The Celtics now have a 2-0 lead and all the momentum. Philadelphia can hypothetically still make this a competitive series, but it all feels hopeless. This feels like a well deserved end for one of the most embarrassing teams in recent memory.
Blame, of course, can go all around. The players have underperformed relative to expectations. The front office has made poor decision after poor decision, bungling one of the most asset-rich rebuilding projects in NBA history. The coaching staff, no matter how you feel about Brett Brown, feels unavoidably stale.
Philadelphia is in a rut — a hole. A hole I’m not sure they can get out of.
The Al Horford contract is a disaster. He scored four points off the bench.
The Tobias Harris contract is a disaster. He scored 13 points on 4-for-15 shooting — a stat line that does not properly incapsulate just how bad he was. A truly egregious display of incompetence for someone on a five-year, $180 million contract.
Philadelphia has blatantly refused to build around Joel Embiid his entire career. That refusal reached a peak this summer, with the front office shelling out truckloads of cash to a second center and a poorly-fit power forward. Rather than build for Embiid, the Sixers have decided to build without any thought of maximizing his talent.
It’s unfortunate. A true miscarriage of justice in the basketball world. It’s quite possible that Philadelphia has ruined the prime years of Embiid’s injury-plagued career by fumbling the bag and ignoring the hallmarks of successful modern basketball.
If he asks for a trade this summer, I would not blame him. I don’t think it will happen, and he’s committed by contract well beyond this summer. But if he did — if his dissatisfaction with the Sixers organization grew to that point — I would not blame him.
As for the game, it was all Boston after a swift Sixers start in the first quarter. But the second quarter, the Celtics had seized control, and they never came close to relinquishing it. Jayson Tatum is a superstar, the Sixers have no idea how to defend Kemba Walker, and the loss of Gordon Hayward barely made a dent. If you can’t figure out Romeo Langford and Grant Williams, you aren’t winning a playoff series.
Brett Brown made some confounding decisions in this game. He made zero meaningful or helpful adjustments on defense, the offense again moved away from Embiid at strange times, and he didn’t play Alec Burks — in the middle of a career hot streak — until four minutes into the second quarter.

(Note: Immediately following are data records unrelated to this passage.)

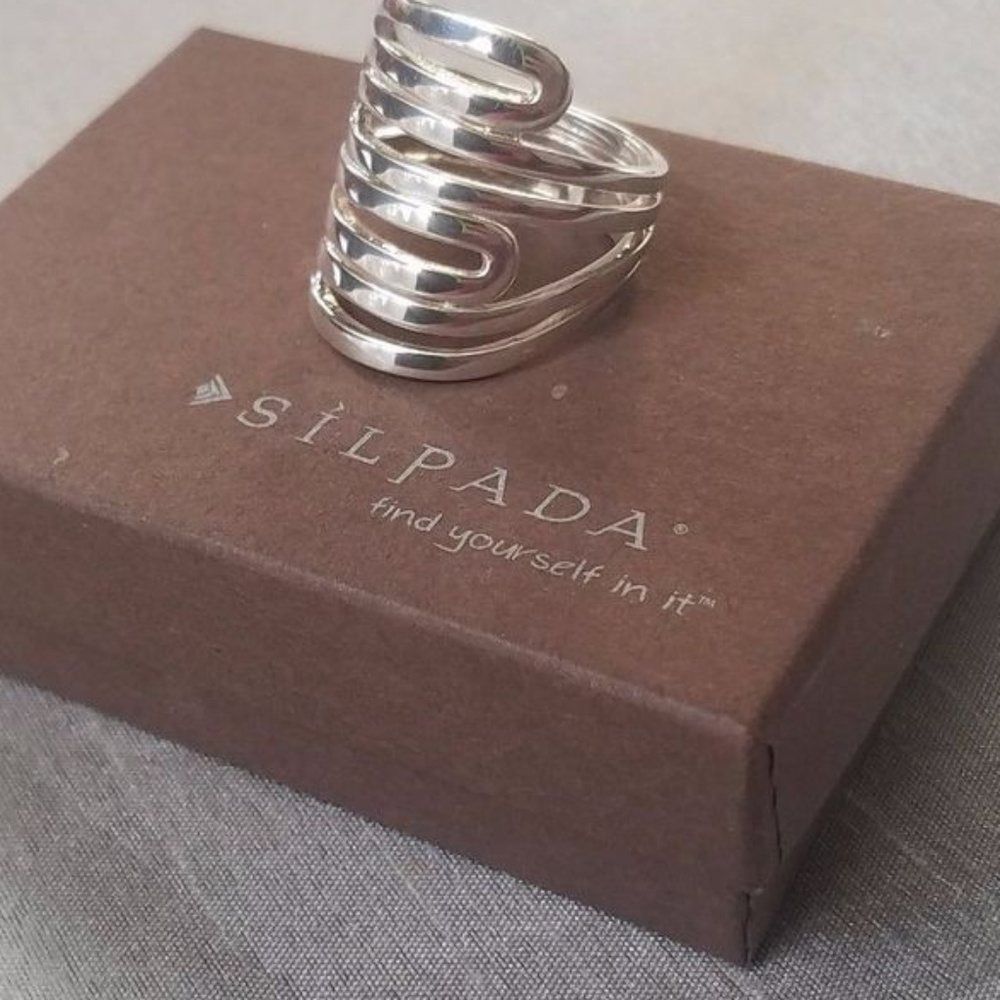 Silpada Polished Silver Multi-Open Band Ring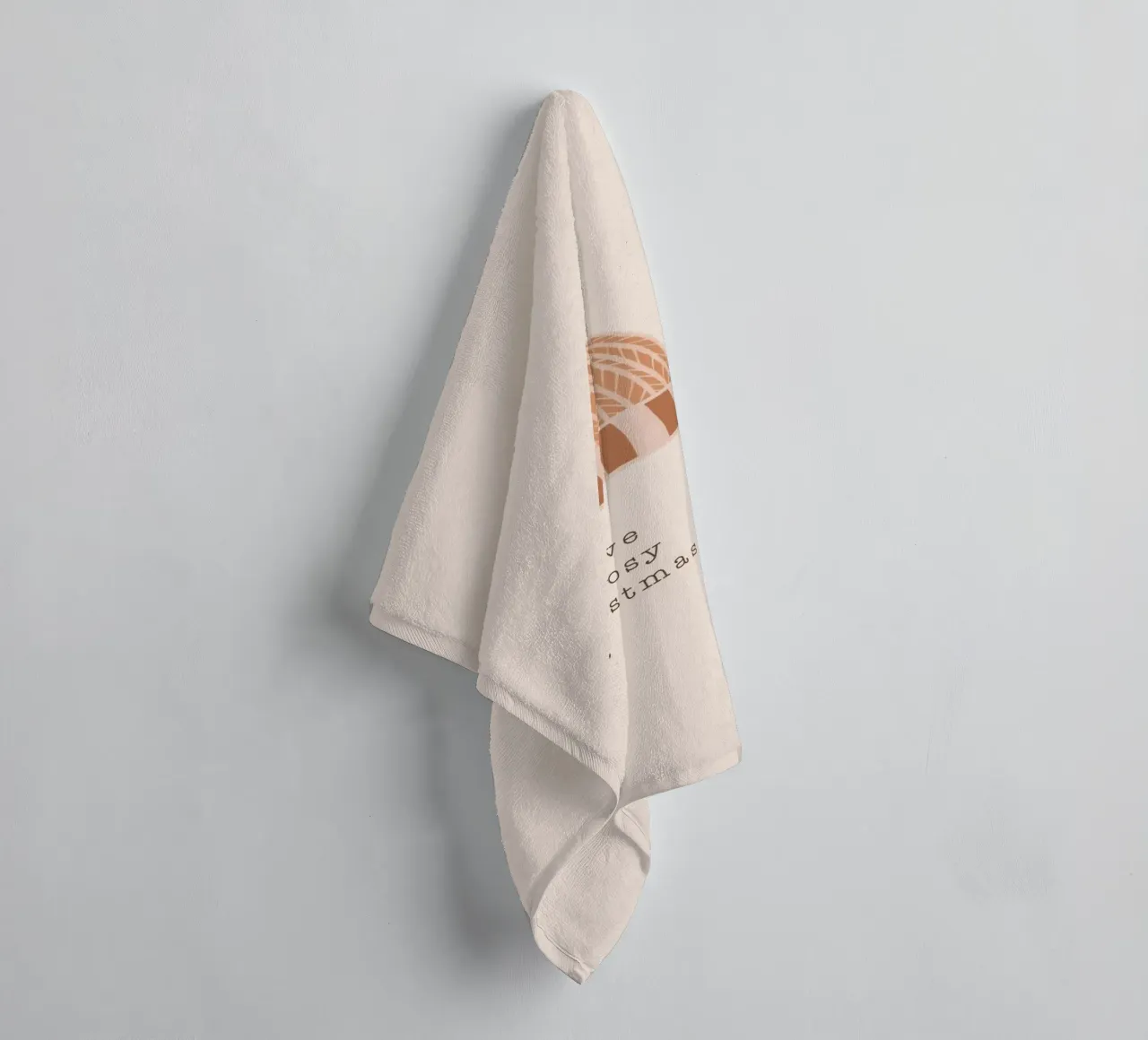 Blush - Un Natale accogliente asciugamano da bagno da Orara Studio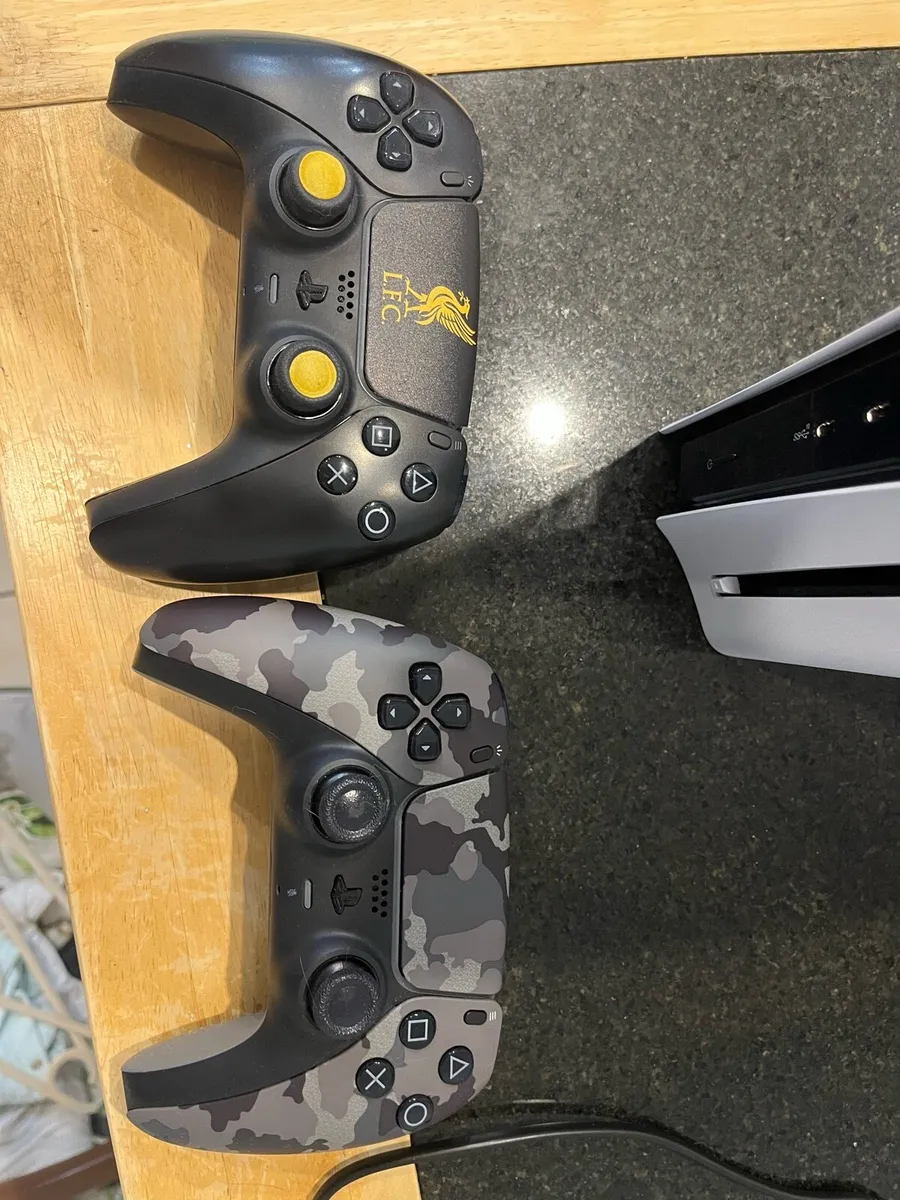 PS5 Pro with Disc Drive, 2 controllers, headset - Image 2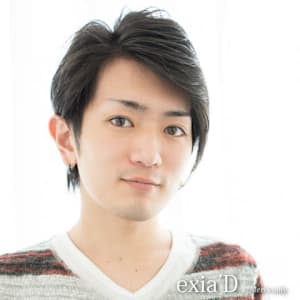 ナチュラルアシメ×アッシュブラック×30代/40代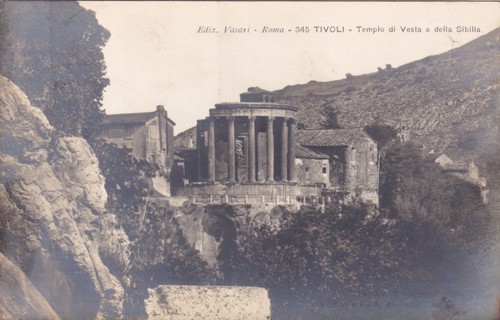Cartolina roma tivoli - roma,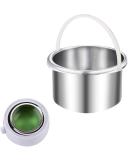 FIGHTART 500cc Wax Pot Replacement Inner Pan Tin Container - Hair Removal Waxing Can 14oz - Buy Online on GoSupps.com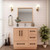 Victoria 36" Solid Wood Freestanding Bathroom Vanity Right Side Drawers with Reinforced Acrylic Sink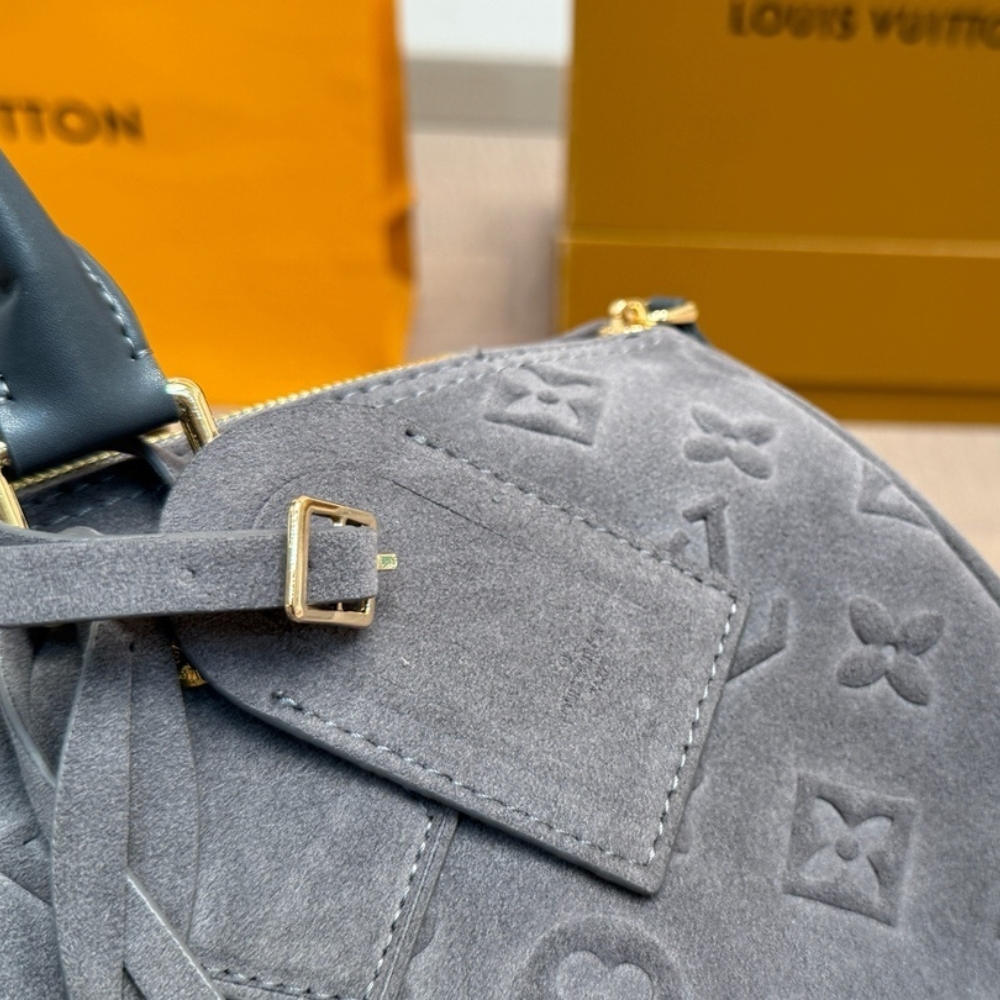 LOUIS VUITTON SPEEDY P9 BANDOULIÈRE 40 GRAY 40CM M15225 - Image 6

I’m as big a fan of Raul Neto as you will fine. In fact, I’ve been a proponent of playing Neto in the past. But giving him nine minutes of playing time before Burks touches the court is a strange and indefensible choice. Play Neto and Burks — it’s not one or the other. You can play multiple ball-handlers.
The Sixers are down 2-0 and it feels much worse. This team has reached rock bottom, and frankly, I’d be shocked if they had enough fight left to make this series interesting. My original prediction was Celtics in five. Perhaps I was too generous.